◆ **Supplied data**

● ● ● ● ● ● ●

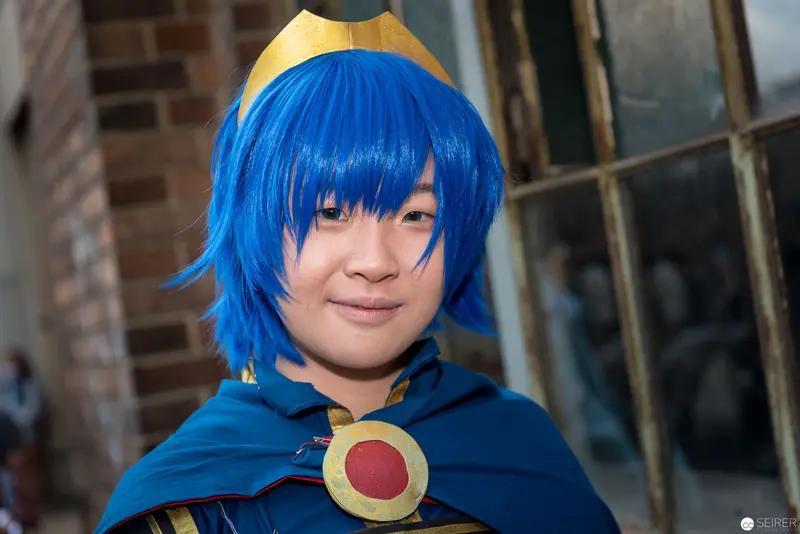 Blue-Haired Cosplayer in Anime Costume at AniNite 2018 Convention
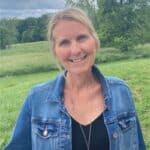 Smiling woman in denim jacket outdoors in green field.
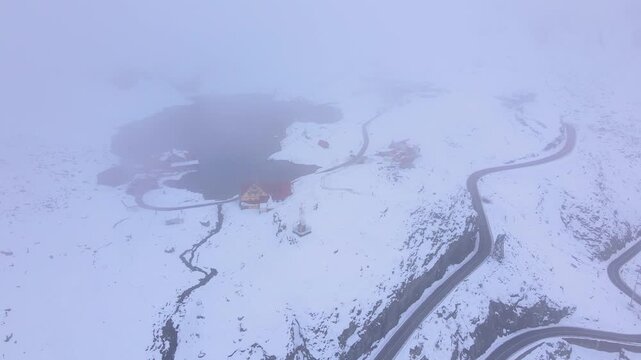 Aerial view at Balea lake in Romania, in winter season. Video was shot from a drone while lowering altitude through the fog with the lake in the view.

● ● ● ● ● ● ●

◆ **To do**
Print the data again, word for word, without any pictures.

◆ **Solution to the exercise**
 Blue-Haired Cosplayer in Anime Costume at AniNite 2018 Convention
 Smiling woman in denim jacket outdoors in green field.
 Aerial view at Balea lake in Romania, in winter season. Video was shot from a drone while lowering altitude through the fog with the lake in the view.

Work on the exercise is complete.